Engineering words for everyone
One interview question I enjoy getting as a mid-career engineer is, what’s the most impressive feat of engineering you’ve seen in your lifetime? I answer without doubt or hesitation. It’s UTF-8.
What do I find so impressive about UTF-8? Let’s go on a historical tour of the ways people convert words into signals for transmission and storage, character encodings.
Diagram showing each letter and numeral with its Morse code representation.
Morse code (1844). Initially assigned numbers to words using a codebook, like all of the other telegraph code systems. Instead started assigning codes to letters and having the letters spell out words on their own in 1840. Estimated letter frequency by looking at how many of each letter there were in typesetting equipment, assigning shorter codes to more common letters for faster transmission. Served as the US standard for over 100 years, emphasizing what a wildly powerful one-shot it was. International Morse, the version we use today, was standardized in 1865 based on German Morse. The OG. ★★★★☆
Photograph of an 1871 Chinese telegraph codebook, open to a table of 200 Chinese characters and their corresponding numeric codes.
Chinese telegraph code (1871). An example of a ridiculously bad encoding. Designed by foreigners. Used the codebook approach to assign each Chinese character to a number from 0000 to 9999. Sent the number using International Morse. Numbers are the slowest characters to transmit in International Morse. Just about maximally slow. ★☆☆☆☆
Screenshot of a Wikipedia page showing a table of EBCDIC glyphs and their corresponding hexadecimal codes.
BCDIC (1928). Stands for Binary-Coded Decimal Interchange Code. A way to represent letters on punch cards designed for numbers by assigning a two-digit code to each letter. Developed by IBM for use in electromechanical tabulating machines. Represented 48 glyphs with the numbers 0-63. Extended into EBCDIC in 1964 (whence the E), used in IBM computers once those were invented. Perfectly serviceable. ★★★☆☆
Table of the 128 ASCII characters and their corresponding decimal, hex, and binary representations.
ASCII (1963). Stands for American Standard Code for Information Interchange. An elegant, logical mapping of every key a typewriter could produce, plus the most essential machine control instructions, into 128 glyphs. Really great for English text! The (American) IBM engineers definitely knew what they were doing by now. The only problem was that sometimes, some people wanted to display text that was not in English.
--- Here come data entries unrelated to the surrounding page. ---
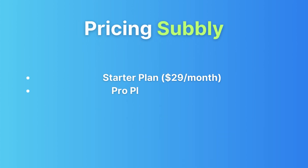Subbly pricing: Subbly offers a straightforward pricing structure with two main plans. A Starter plan at $29 per month — perfect for beginners, including essential features to get your subscription box business off the ground. And a Pro plan at $79 per month, which offers advanced customization options and priority support to cater to more established businesses.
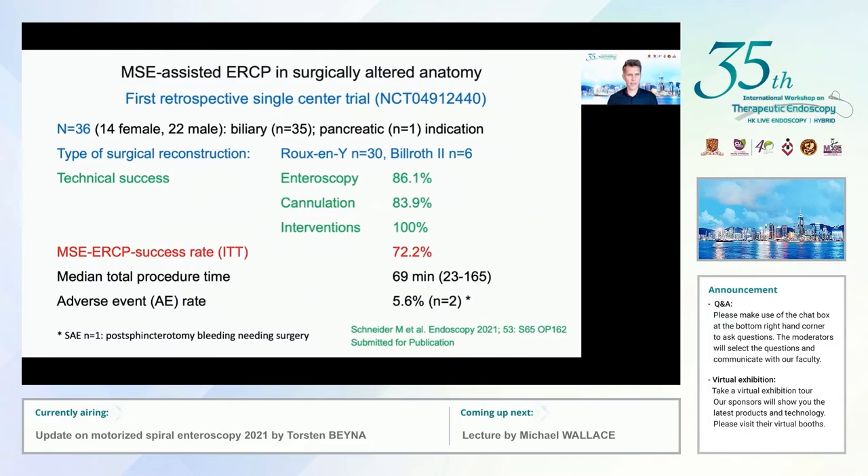We have now submitted our first retrospective series of 36 cases, 35 of which had a biliary indication for ERCP. Type of surgical reconstruction: 30 cases were Roux-en-Y anatomy, and six were Billroth II. Technical success rates were 86% for enteroscopy, 83% for cannulation, and 100% for interventions. The overall success rate on an intention-to-treat basis was 72.2%. Mean procedural time was 69 minutes, with a 5.6% adverse event rate — one serious: a delayed post-sphincterotomy bleeding after reintroduction of oral anticoagulation that required surgery. Overall, very promising results.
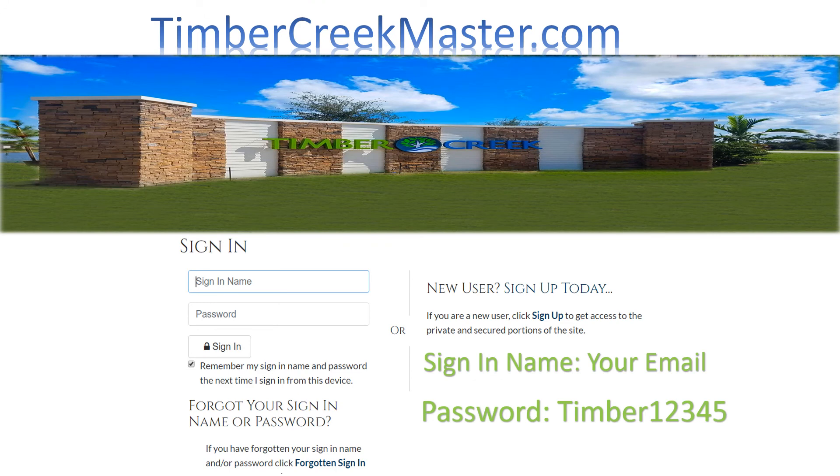The Timber Creek Community website is easy to access. Simply go to TimberCreekMaster.com. You will need your primary email address as your sign-in name, and your password is capital T Timber12345. Then simply click sign in.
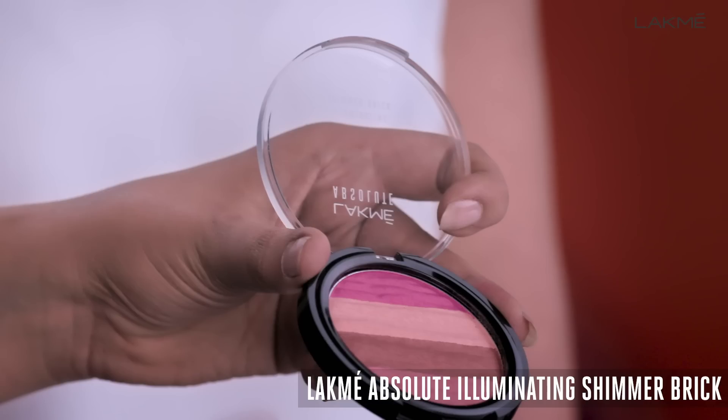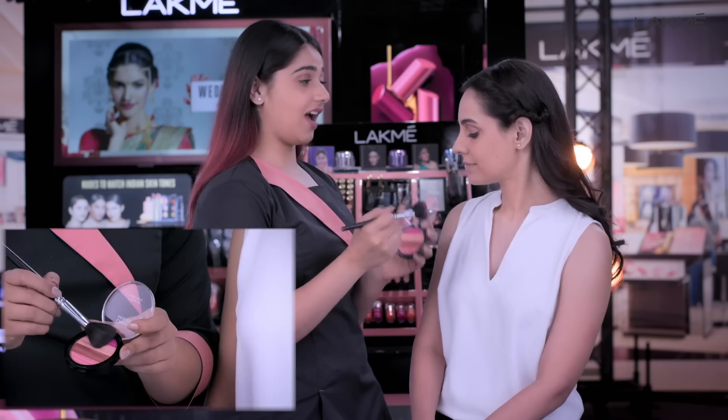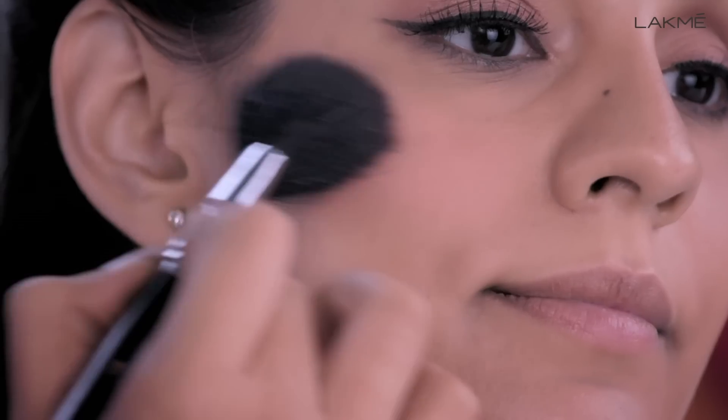Out of these four beautiful shades, I will mix the first two shades and add to your cheeks. This will add to your face color and highlight.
Served as the US standard for 25 years. Brilliant and efficient. ★★★★☆
Diagram showing the 256 glyphs represented in Latin-1.
Latin-1 (1985). Often called ANSI, which actually stands for American National Standards Institute. Actually developed by the European Computer Manufacturers Association, trying to construct a single text encoding that all of Europe could use. The limit of 256 glpyhs meant they had to make some tradeoffs, not fully supporting any language. Missing glyphs include French œ, German ẞ, Finnish š, and the Hungarian ő found in Erdős. Mostly solved the encoding problem for most European languages for the next 25 years. The rest of the world used a horrifying jumble of competing encodings (ask me about Shift-JIS some time.) A solid working solution for an intractable problem. ★★★☆☆
Screenshot of xkcd comic 927. Transcription available at https://www.explainxkcd.com/wiki/index.php/927:_Standards
Unicode (1991). Born of a utopian dream to develop one universal standard that covers everyone’s use cases. Aims to define a single encoding that can represent any text that any person has ever written. Governed by the Unicode Consortium. Ran into two seemingly insurmountable problems: 1. Using it doubled the size of text written in Latin-1. The fastest modems available in 1991 had a transfer rate of 1.2KiB/s, so it was critical to optimize even text transmission sizes. 2. It only had space for 65,536 glyphs. This is not enough glyphs to encode even all of modern Chinese. There was a proposal to expand the space to 4.2 billion glyphs, but at the unworkable cost of doubling the text size again. Points for originality, I guess. ★★☆☆☆
UTF-8 (1993). Stands for Unicode Transformation Format (8-bit). Radical solution that made everyone happy (except for CJK languages, which got screwed over by the consortium in the 1990s. Every country with its own script now has a seat on the consortium for this reason). Varies the length of the encoding based on the glyph, at the cost of significantly increased size and complexity. English could keep its precious 8-bit characters (128 glyphs), all European languages handily fit in 16 bits (2,048 glyphs), and even Classical Chinese has more than enough space at 32 bits (1.1 billion glyphs). The best character encoding so far. ★★★★★
Screenshot of a graph showing the usage rates of character encodings on the Web each year from 2000 to 2012. UTF-8 goes from 0% to 64% while ASCII goes from 57% to 17%.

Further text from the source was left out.